> _Data listing_

------------------------------------------------

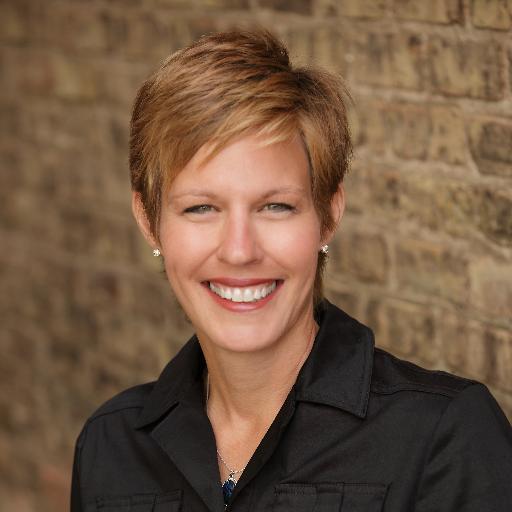 #EmployerBrand & #SocialMedia Strategist interested in Candidate Experience & Sourcing. Active Mom of 3, Loves Work-Life Balance
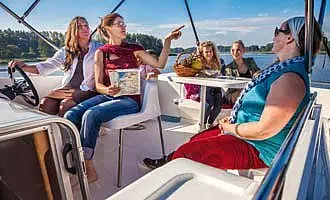 5 Frauen an Deck eines Hausbootes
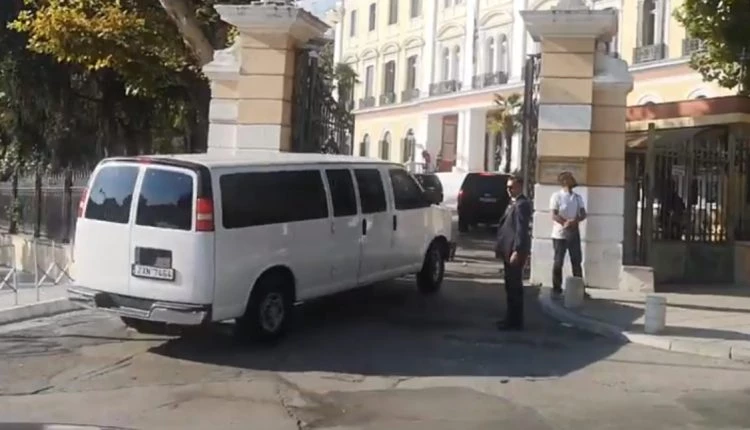Με… κονβόι πολυτελών αυτοκινήτων ο Αμερικανός υπουργός στη Θεσσαλονίκη (βίντεο)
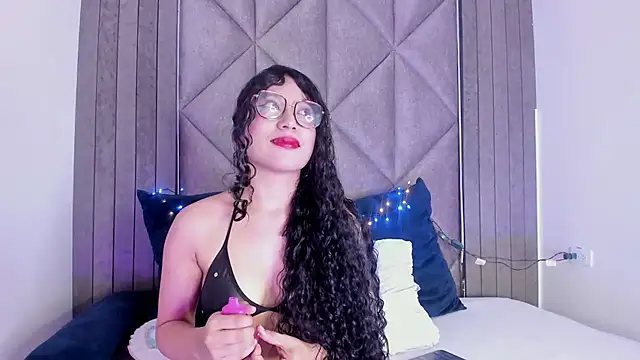 BriaConner  online show from 02.10.25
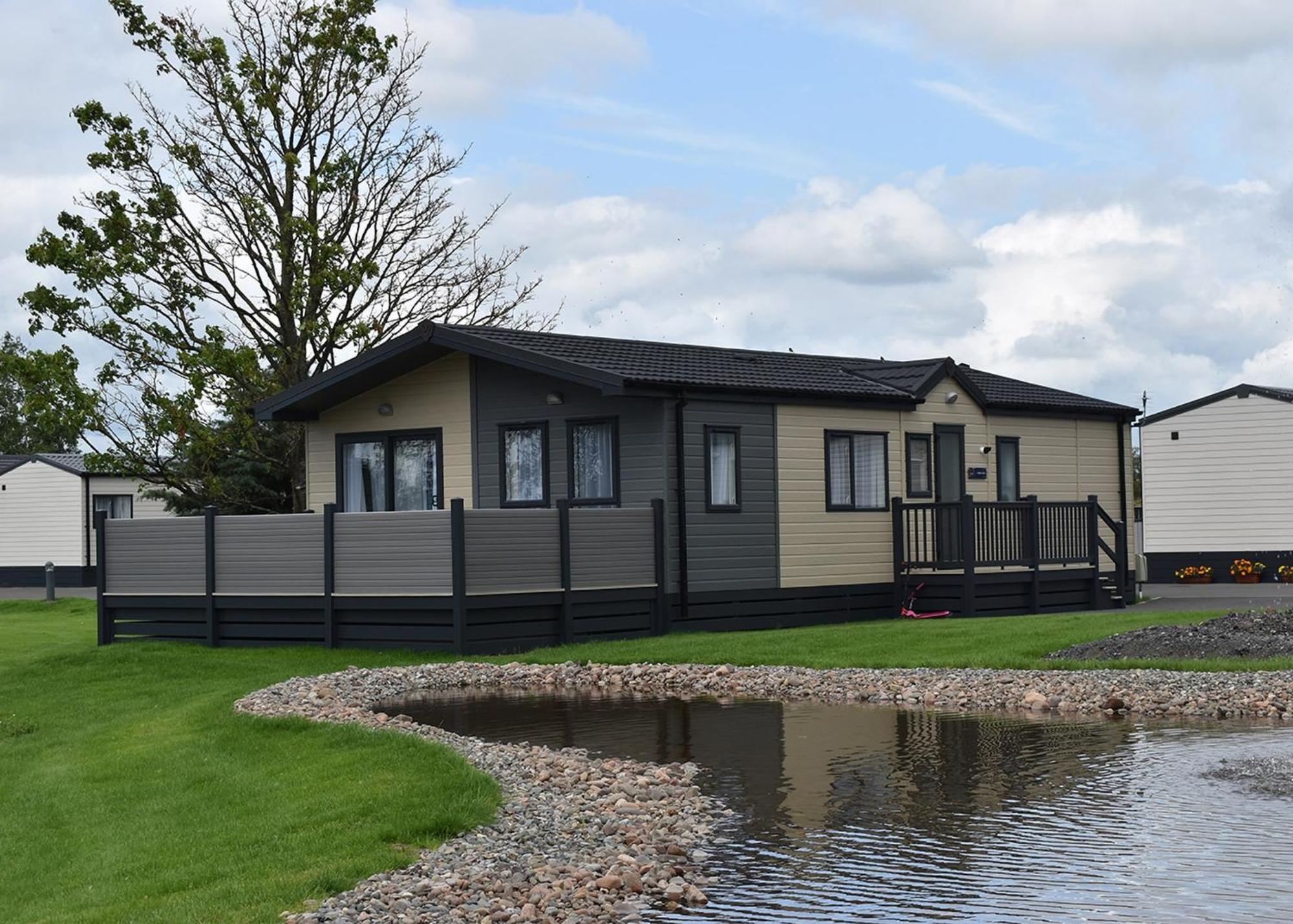 Green Meadows Country Park Hotel Harker Екстериор снимка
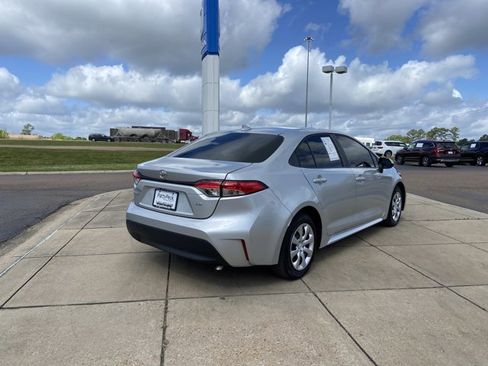 Used 2025 Toyota Corolla LE image 10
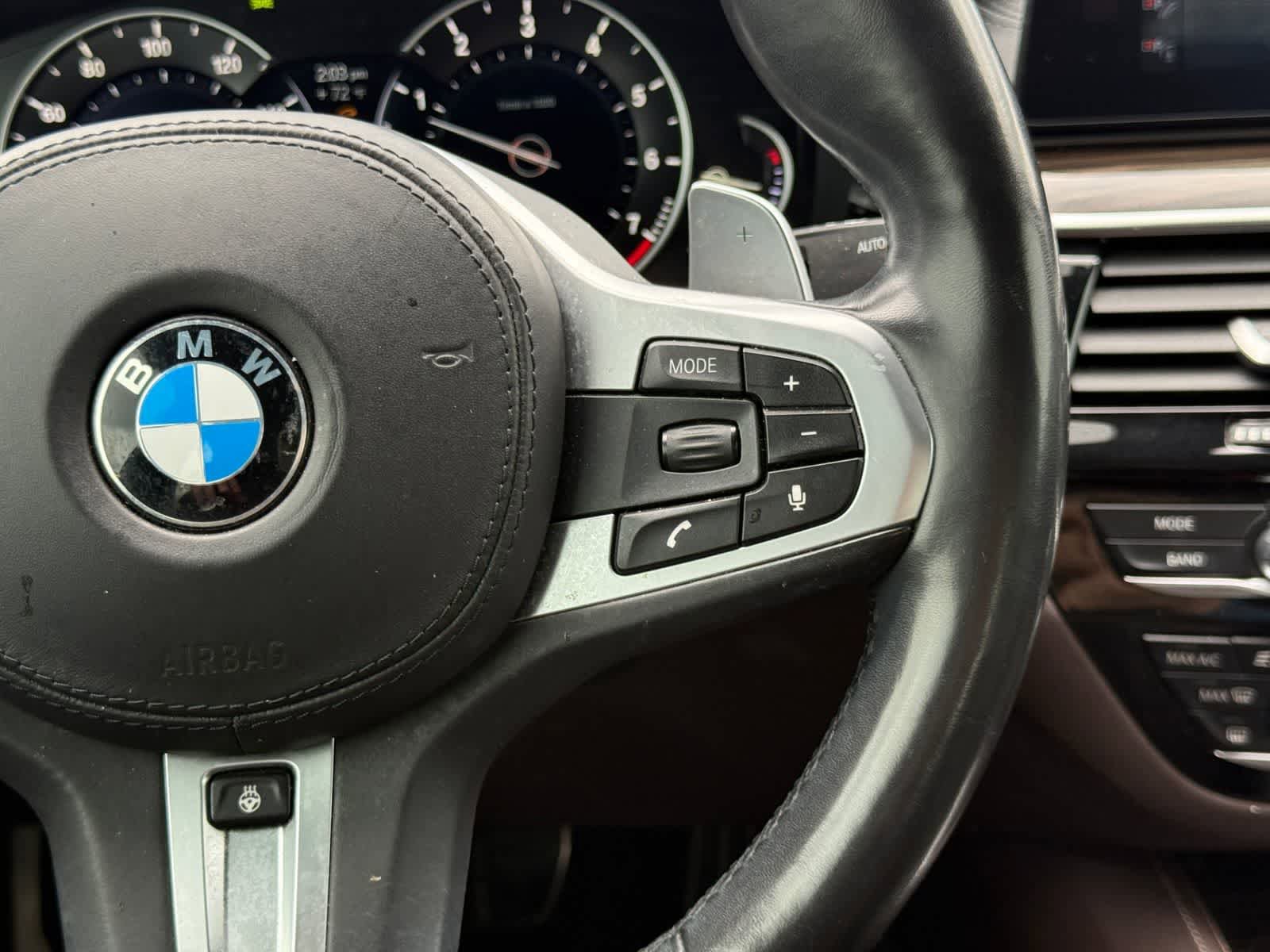 Used 2017 BMW 540i RWD image 11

------------------------------------------------

> _Requirement_
From the material above, copy everything exactly but the pictures.

> _Task response_
 #EmployerBrand & #SocialMedia Strategist interested in Candidate Experience & Sourcing. Active Mom of 3, Loves Work-Life Balance
 5 Frauen an Deck eines Hausbootes
Με… κονβόι πολυτελών αυτοκινήτων ο Αμερικανός υπουργός στη Θεσσαλονίκη (βίντεο)
 BriaConner  online show from 02.10.25
 Green Meadows Country Park Hotel Harker Екстериор снимка
 Used 2025 Toyota Corolla LE image 10
 Used 2017 BMW 540i RWD image 11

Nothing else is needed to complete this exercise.